I would like you to print all the records below exactly as they are.

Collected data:
* * * * *

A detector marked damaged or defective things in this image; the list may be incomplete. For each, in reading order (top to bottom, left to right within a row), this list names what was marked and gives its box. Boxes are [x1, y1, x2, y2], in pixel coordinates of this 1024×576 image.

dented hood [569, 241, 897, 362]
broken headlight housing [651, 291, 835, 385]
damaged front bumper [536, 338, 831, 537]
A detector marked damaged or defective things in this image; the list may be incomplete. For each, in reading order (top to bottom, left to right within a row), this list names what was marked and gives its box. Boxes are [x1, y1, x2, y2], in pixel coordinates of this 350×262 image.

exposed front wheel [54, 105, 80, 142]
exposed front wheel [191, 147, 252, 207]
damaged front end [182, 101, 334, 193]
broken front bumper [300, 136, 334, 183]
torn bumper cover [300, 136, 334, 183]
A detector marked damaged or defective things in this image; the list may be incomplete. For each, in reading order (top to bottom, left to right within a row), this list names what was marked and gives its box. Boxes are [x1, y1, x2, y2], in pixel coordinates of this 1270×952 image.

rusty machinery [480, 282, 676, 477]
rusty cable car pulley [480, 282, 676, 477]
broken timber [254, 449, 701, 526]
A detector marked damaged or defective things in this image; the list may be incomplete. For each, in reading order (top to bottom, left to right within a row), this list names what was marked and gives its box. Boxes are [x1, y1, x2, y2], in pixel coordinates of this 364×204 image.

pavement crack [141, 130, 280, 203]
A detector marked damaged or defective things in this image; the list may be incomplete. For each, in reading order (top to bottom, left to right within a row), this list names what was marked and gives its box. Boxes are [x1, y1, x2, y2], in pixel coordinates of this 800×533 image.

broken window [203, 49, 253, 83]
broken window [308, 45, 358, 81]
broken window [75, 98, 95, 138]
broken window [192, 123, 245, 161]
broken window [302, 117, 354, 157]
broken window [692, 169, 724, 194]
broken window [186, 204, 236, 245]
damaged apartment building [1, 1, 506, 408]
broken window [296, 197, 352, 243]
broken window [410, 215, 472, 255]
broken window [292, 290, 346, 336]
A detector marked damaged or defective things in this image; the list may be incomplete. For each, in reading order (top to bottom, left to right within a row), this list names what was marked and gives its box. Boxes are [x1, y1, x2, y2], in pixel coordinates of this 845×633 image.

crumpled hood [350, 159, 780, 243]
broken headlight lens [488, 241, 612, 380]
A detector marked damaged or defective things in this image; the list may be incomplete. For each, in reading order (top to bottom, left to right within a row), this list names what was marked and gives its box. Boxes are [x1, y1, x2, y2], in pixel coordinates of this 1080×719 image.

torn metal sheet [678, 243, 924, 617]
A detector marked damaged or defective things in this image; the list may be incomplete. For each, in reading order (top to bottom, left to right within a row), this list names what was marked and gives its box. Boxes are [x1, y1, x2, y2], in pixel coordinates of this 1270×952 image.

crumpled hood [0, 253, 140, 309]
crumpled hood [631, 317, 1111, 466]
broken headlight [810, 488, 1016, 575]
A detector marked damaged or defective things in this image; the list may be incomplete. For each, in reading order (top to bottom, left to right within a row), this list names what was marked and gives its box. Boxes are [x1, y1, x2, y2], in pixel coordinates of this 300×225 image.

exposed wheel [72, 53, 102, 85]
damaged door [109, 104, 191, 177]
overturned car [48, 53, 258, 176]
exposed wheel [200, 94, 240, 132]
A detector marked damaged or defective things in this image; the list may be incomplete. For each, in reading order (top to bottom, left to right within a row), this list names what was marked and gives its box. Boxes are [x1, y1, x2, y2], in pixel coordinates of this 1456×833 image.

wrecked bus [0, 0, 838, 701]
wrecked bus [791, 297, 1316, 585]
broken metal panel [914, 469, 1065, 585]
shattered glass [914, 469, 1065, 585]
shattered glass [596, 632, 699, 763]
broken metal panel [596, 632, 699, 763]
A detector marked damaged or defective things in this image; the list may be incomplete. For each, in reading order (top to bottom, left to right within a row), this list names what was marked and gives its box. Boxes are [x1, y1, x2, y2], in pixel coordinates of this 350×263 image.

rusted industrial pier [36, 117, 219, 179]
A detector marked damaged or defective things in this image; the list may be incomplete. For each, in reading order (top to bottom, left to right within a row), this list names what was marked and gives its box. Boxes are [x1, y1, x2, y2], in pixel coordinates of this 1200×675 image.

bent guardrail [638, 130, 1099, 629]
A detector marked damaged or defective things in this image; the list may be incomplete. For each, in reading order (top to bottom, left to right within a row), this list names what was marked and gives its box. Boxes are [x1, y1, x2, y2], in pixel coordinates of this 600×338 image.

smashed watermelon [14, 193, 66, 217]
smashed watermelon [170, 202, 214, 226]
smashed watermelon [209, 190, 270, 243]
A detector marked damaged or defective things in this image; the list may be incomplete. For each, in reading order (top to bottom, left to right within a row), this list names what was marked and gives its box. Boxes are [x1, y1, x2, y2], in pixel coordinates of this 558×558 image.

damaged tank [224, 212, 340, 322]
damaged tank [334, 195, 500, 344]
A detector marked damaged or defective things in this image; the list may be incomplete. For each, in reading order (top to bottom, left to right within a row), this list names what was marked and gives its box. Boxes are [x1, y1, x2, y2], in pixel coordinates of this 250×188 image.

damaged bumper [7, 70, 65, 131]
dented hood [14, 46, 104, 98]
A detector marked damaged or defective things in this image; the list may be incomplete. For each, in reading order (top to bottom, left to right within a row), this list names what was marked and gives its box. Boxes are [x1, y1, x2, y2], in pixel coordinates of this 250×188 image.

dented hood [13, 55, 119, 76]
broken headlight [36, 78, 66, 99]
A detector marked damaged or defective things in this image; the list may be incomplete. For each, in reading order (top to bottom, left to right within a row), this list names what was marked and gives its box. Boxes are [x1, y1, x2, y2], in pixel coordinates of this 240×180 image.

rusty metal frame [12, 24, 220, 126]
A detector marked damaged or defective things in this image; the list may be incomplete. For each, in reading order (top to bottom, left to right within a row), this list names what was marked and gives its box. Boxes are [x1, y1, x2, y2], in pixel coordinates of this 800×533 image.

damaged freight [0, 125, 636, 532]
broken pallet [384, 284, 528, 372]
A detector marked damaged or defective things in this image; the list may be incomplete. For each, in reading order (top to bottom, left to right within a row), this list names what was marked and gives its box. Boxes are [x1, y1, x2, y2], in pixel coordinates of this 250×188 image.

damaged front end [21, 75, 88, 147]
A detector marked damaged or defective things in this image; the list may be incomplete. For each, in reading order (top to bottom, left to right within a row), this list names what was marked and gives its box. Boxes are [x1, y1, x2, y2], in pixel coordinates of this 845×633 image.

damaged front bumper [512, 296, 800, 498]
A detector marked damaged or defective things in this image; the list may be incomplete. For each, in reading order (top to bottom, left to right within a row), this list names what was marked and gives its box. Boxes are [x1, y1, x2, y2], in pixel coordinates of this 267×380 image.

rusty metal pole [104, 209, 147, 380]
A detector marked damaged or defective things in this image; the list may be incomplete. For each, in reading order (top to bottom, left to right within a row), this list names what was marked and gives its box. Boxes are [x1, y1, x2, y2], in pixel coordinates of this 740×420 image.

* * * * *

▸ Task result:
A detector marked damaged or defective things in this image; the list may be incomplete. For each, in reading order (top to bottom, left to right within a row), this list names what was marked and gives its box. Boxes are [x1, y1, x2, y2], in pixel coordinates of this 1024×576 image.

dented hood [569, 241, 897, 362]
broken headlight housing [651, 291, 835, 385]
damaged front bumper [536, 338, 831, 537]
A detector marked damaged or defective things in this image; the list may be incomplete. For each, in reading order (top to bottom, left to right within a row), this list names what was marked and gives its box. Boxes are [x1, y1, x2, y2], in pixel coordinates of this 350×262 image.

exposed front wheel [54, 105, 80, 142]
exposed front wheel [191, 147, 252, 207]
damaged front end [182, 101, 334, 193]
broken front bumper [300, 136, 334, 183]
torn bumper cover [300, 136, 334, 183]
A detector marked damaged or defective things in this image; the list may be incomplete. For each, in reading order (top to bottom, left to right within a row), this list names what was marked and gives its box. Boxes are [x1, y1, x2, y2], in pixel coordinates of this 1270×952 image.

rusty machinery [480, 282, 676, 477]
rusty cable car pulley [480, 282, 676, 477]
broken timber [254, 449, 701, 526]
A detector marked damaged or defective things in this image; the list may be incomplete. For each, in reading order (top to bottom, left to right within a row), this list names what was marked and gives its box. Boxes are [x1, y1, x2, y2], in pixel coordinates of this 364×204 image.

pavement crack [141, 130, 280, 203]
A detector marked damaged or defective things in this image; the list may be incomplete. For each, in reading order (top to bottom, left to right within a row), this list names what was marked and gives its box. Boxes are [x1, y1, x2, y2], in pixel coordinates of this 800×533 image.

broken window [203, 49, 253, 83]
broken window [308, 45, 358, 81]
broken window [75, 98, 95, 138]
broken window [192, 123, 245, 161]
broken window [302, 117, 354, 157]
broken window [692, 169, 724, 194]
broken window [186, 204, 236, 245]
damaged apartment building [1, 1, 506, 408]
broken window [296, 197, 352, 243]
broken window [410, 215, 472, 255]
broken window [292, 290, 346, 336]
A detector marked damaged or defective things in this image; the list may be incomplete. For each, in reading order (top to bottom, left to right within a row), this list names what was marked and gives its box. Boxes are [x1, y1, x2, y2], in pixel coordinates of this 845×633 image.

crumpled hood [350, 159, 780, 243]
broken headlight lens [488, 241, 612, 380]
A detector marked damaged or defective things in this image; the list may be incomplete. For each, in reading order (top to bottom, left to right within a row), this list names what was marked and gives its box. Boxes are [x1, y1, x2, y2], in pixel coordinates of this 1080×719 image.

torn metal sheet [678, 243, 924, 617]
A detector marked damaged or defective things in this image; the list may be incomplete. For each, in reading order (top to bottom, left to right within a row), this list names what was marked and gives its box. Boxes are [x1, y1, x2, y2], in pixel coordinates of this 1270×952 image.

crumpled hood [0, 253, 140, 309]
crumpled hood [631, 317, 1111, 466]
broken headlight [810, 488, 1016, 575]
A detector marked damaged or defective things in this image; the list may be incomplete. For each, in reading order (top to bottom, left to right within a row), this list names what was marked and gives its box. Boxes are [x1, y1, x2, y2], in pixel coordinates of this 300×225 image.

exposed wheel [72, 53, 102, 85]
damaged door [109, 104, 191, 177]
overturned car [48, 53, 258, 176]
exposed wheel [200, 94, 240, 132]
A detector marked damaged or defective things in this image; the list may be incomplete. For each, in reading order (top to bottom, left to right within a row), this list names what was marked and gives its box. Boxes are [x1, y1, x2, y2], in pixel coordinates of this 1456×833 image.

wrecked bus [0, 0, 838, 701]
wrecked bus [791, 297, 1316, 585]
broken metal panel [914, 469, 1065, 585]
shattered glass [914, 469, 1065, 585]
shattered glass [596, 632, 699, 763]
broken metal panel [596, 632, 699, 763]
A detector marked damaged or defective things in this image; the list may be incomplete. For each, in reading order (top to bottom, left to right within a row), this list names what was marked and gives its box. Boxes are [x1, y1, x2, y2], in pixel coordinates of this 350×263 image.

rusted industrial pier [36, 117, 219, 179]
A detector marked damaged or defective things in this image; the list may be incomplete. For each, in reading order (top to bottom, left to right within a row), this list names what was marked and gives its box. Boxes are [x1, y1, x2, y2], in pixel coordinates of this 1200×675 image.

bent guardrail [638, 130, 1099, 629]
A detector marked damaged or defective things in this image; the list may be incomplete. For each, in reading order (top to bottom, left to right within a row), this list names what was marked and gives its box. Boxes are [x1, y1, x2, y2], in pixel coordinates of this 600×338 image.

smashed watermelon [14, 193, 66, 217]
smashed watermelon [170, 202, 214, 226]
smashed watermelon [209, 190, 270, 243]
A detector marked damaged or defective things in this image; the list may be incomplete. For each, in reading order (top to bottom, left to right within a row), this list names what was marked and gives its box. Boxes are [x1, y1, x2, y2], in pixel coordinates of this 558×558 image.

damaged tank [224, 212, 340, 322]
damaged tank [334, 195, 500, 344]
A detector marked damaged or defective things in this image; the list may be incomplete. For each, in reading order (top to bottom, left to right within a row), this list names what was marked and gives its box. Boxes are [x1, y1, x2, y2], in pixel coordinates of this 250×188 image.

damaged bumper [7, 70, 65, 131]
dented hood [14, 46, 104, 98]
A detector marked damaged or defective things in this image; the list may be incomplete. For each, in reading order (top to bottom, left to right within a row), this list names what was marked and gives its box. Boxes are [x1, y1, x2, y2], in pixel coordinates of this 250×188 image.

dented hood [13, 55, 119, 76]
broken headlight [36, 78, 66, 99]
A detector marked damaged or defective things in this image; the list may be incomplete. For each, in reading order (top to bottom, left to right within a row), this list names what was marked and gives its box. Boxes are [x1, y1, x2, y2], in pixel coordinates of this 240×180 image.

rusty metal frame [12, 24, 220, 126]
A detector marked damaged or defective things in this image; the list may be incomplete. For each, in reading order (top to bottom, left to right within a row), this list names what was marked and gives its box. Boxes are [x1, y1, x2, y2], in pixel coordinates of this 800×533 image.

damaged freight [0, 125, 636, 532]
broken pallet [384, 284, 528, 372]
A detector marked damaged or defective things in this image; the list may be incomplete. For each, in reading order (top to bottom, left to right within a row), this list names what was marked and gives its box. Boxes are [x1, y1, x2, y2], in pixel coordinates of this 250×188 image.

damaged front end [21, 75, 88, 147]
A detector marked damaged or defective things in this image; the list may be incomplete. For each, in reading order (top to bottom, left to right within a row), this list names what was marked and gives its box. Boxes are [x1, y1, x2, y2], in pixel coordinates of this 845×633 image.

damaged front bumper [512, 296, 800, 498]
A detector marked damaged or defective things in this image; the list may be incomplete. For each, in reading order (top to bottom, left to right within a row), this list names what was marked and gives its box. Boxes are [x1, y1, x2, y2], in pixel coordinates of this 267×380 image.

rusty metal pole [104, 209, 147, 380]
A detector marked damaged or defective things in this image; the list may be incomplete. For each, in reading order (top to bottom, left to right within a row), this list names what was marked and gives its box. Boxes are [x1, y1, x2, y2], in pixel coordinates of this 740×420 image.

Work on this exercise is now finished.